======== Input material ========

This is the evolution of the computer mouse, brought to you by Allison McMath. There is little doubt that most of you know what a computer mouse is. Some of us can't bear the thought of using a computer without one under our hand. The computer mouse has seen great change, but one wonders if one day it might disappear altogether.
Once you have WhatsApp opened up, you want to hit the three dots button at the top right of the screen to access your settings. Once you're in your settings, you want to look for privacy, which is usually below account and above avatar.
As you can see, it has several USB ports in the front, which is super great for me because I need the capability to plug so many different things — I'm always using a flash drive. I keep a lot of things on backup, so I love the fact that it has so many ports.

========
======== Input material ========

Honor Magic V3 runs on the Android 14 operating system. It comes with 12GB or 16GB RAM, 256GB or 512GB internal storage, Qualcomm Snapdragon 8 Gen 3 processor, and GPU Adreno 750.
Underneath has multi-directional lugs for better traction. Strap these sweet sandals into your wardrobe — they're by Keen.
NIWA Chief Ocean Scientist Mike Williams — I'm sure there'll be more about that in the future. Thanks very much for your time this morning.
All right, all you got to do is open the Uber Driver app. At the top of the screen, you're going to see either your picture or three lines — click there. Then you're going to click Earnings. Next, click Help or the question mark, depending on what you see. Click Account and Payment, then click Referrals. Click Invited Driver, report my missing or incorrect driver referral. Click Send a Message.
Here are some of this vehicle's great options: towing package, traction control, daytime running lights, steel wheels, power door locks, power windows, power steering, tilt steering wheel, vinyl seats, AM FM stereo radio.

========

## Exercise aim
Wherever a line in the data above contains the word "traction", copy that line.

## Answer to this exercise
Underneath has multi-directional lugs for better traction. Strap these sweet sandals into your wardrobe — they're by Keen.
Here are some of this vehicle's great options: towing package, traction control, daytime running lights, steel wheels, power door locks, power windows, power steering, tilt steering wheel, vinyl seats, AM FM stereo radio.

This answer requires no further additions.